Internal control

The goal of internal control is to assess which risks in BioArctic are significant for the company and should thus be routinely managed through monitoring and control. Using effective risk management, the work can concentrate on the areas that are most important for reducing the company’s total risk exposure.

In accordance with the Companies Act and the Swedish Code of Corporate Governance (the Code), the Board is ultimately responsible for structuring the company’s organization so that financial reporting, administration and operations are monitored and controlled in a satisfactory manner. The Board shall, among other things, ensure that BioArctic has proper internal control and formal procedures ensuring that established principles
for financial reporting and internal control are observed and that there are adequate systems for monitoring and control of the company’s operations and the risks associated with the company and its operations.

The CEO of BioArctic is ultimately responsible for monitoring whether the work on the company’s internal control is being carried out in accordance with the form decided on by the Board of Directors. BioArctic’s finance division, under the management of the CFO, manages the Group’s work as regards internal control concerning financial reporting. The overall purpose of the internal control is to ensure, to a reasonable degree, that the company’s operating strategies, targets and defined risks are monitored and that the owners’ investments are protected. Furthermore, the internal control shall ensure, with reasonable certainty, that external financial
reporting is reliable and prepared in accordance with accepted accounting practices in Sweden, that applicable laws and regulations are followed, and that the requirements imposed on listed companies are complied with.

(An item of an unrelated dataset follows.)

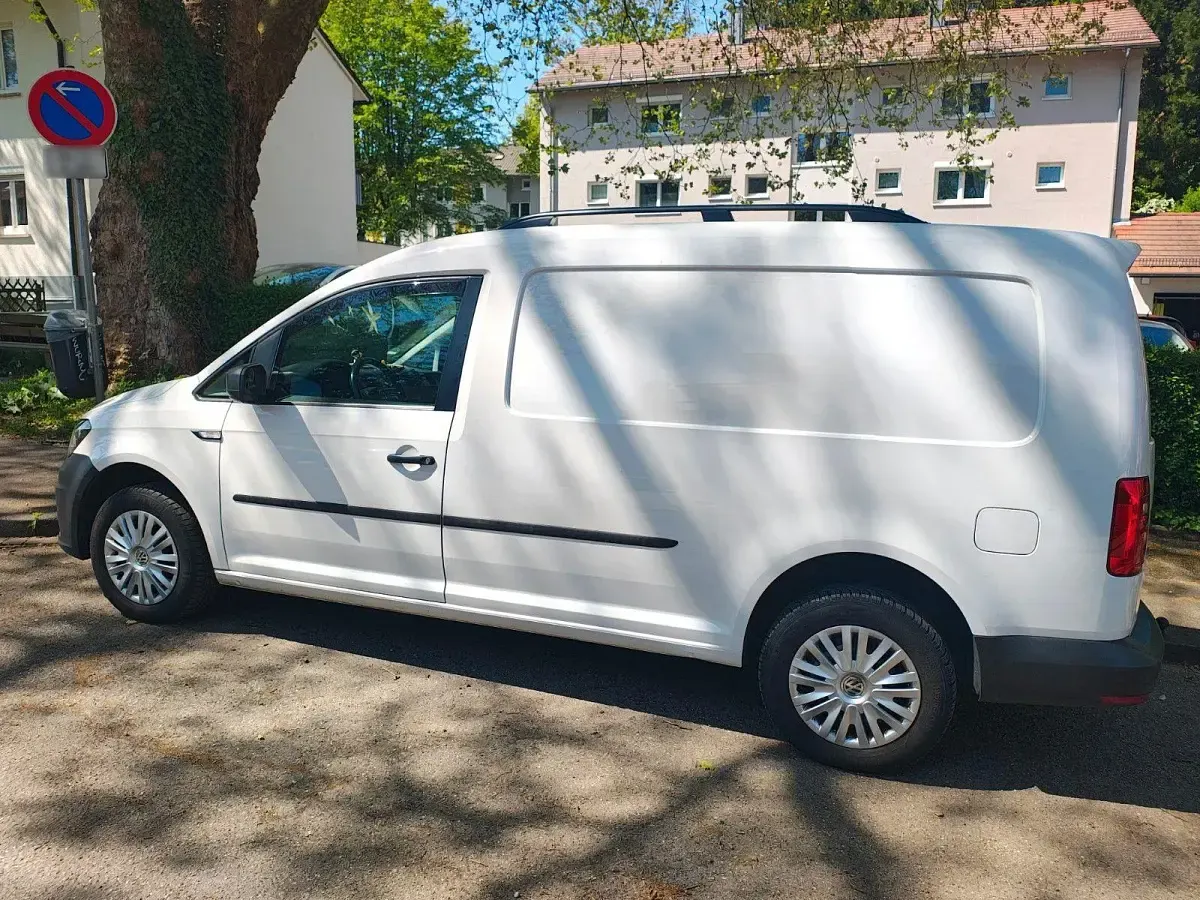 Gebraucht VW Caddy Maxi 122 PS (89 kW) 2019 Weiß Van / Kleinbus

In order to maintain good internal control, the Board has adopted a number of governing documents (e.g. rules of procedure for the Board, instructions to the CEO, instructions for financial reporting, a financial policy and an information policy). The Board has assessed the need for a special audit function (internal audit) and has come to the conclusion that such a function is not currently justified in BioArctic considering the scope of the operations and the existing internal control structures. The Board annually reassesses the need for a separate internal audit function. During the 2019 financial year, however, the Audit Committee resolved to add an external review function to be performed by an external party. This external review function carried out its work in 2019 and will review the financial year in its entirety. It is the opinion of the Board that monitoring, documentation and review of the company’s internal control will henceforth be strengthened by the establishment of an external review function, which will serve as a special review function. Since its listing in 2017, BioArctic’s internal control structure has been based on the Committee of Sponsoring Organizations of the Threadway Commission (COSO) model, the framework of which has been applied to the company’s operations and conditions. Under the COSO model, internal control is reviewed and assessed in five main areas: control environment, risk assessment, control activities, information and communication and monitoring.